Class Opener – Day 9 – Pregnancy is Like Drawing Marbles

Isn’t it the best feeling in the world when a former student checks in to let you know about their expereinces, their adventures, and how much your class influenced their life?  Today’s opener is a Facebook post from my former AP Stats student Aneglo as he starts medical school. He shared this probability nugget from a course regarding risk calculation:


His observation regarding probability in the medical-world setting, and class advice for me,  is priceless:

Just tell them that pregnancy is basically like reaching into a bag of different colored marbles.

Message received and relayed. Thanks Angelo!

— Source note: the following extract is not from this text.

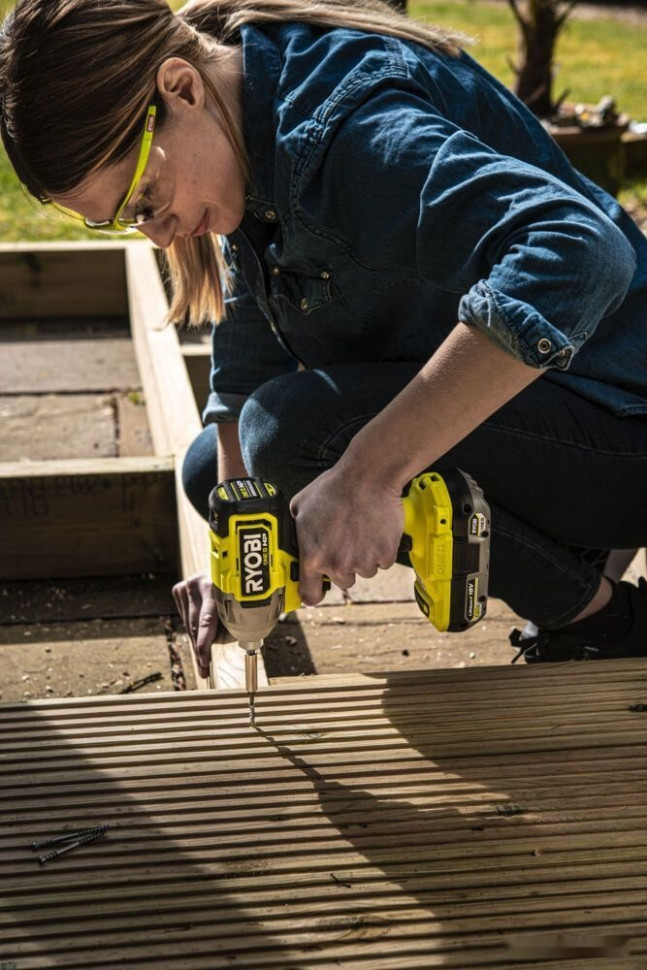 Винтоверт Ryobi RID18X-0 5133004961 (без АКБ)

Class Opener – Day 8 – 9/11 Memoial

Can it really be 13 years since the Twin Towers were attacked?  I clearly recall my old classroom, where a teacher across the hall told me I needed to turn on CNN.  Now the students in front of me today have little recollection of that day: they were 1 or 2 years old.  But they are all familiar with the day’s events, and I hope today’s opener brings some math context to this awful day.

I shared my post on Meaningful Adjacencies, the method used to arrange the names on the 9/11 Memorial, both online and during a “My Favorites” session at Twitter Math Camp this summer. And I am thrilled that many contacted me this week looking for resources and information.

In the activity, students are asked to list their 5 favorite TV shows on a card, then appraoch the board. Their task is to connect with classmates, and placee their card so that people with similar interests are as close as possible to each other. After they have completed the board, I show a video which demonstrates parallels between this activity and the arrangement of names on the WTC Memorial.


One of my classes organized themselves into 3 “pods”, thinking that their interests were isolated. But by finding “Family Guy” as a shared interest, we can challenge small pods to come together and embrace similarities.


September 11 will never be an easy day, but having this activity to share with kids and think about the important task of memorializing those fallen makes it special.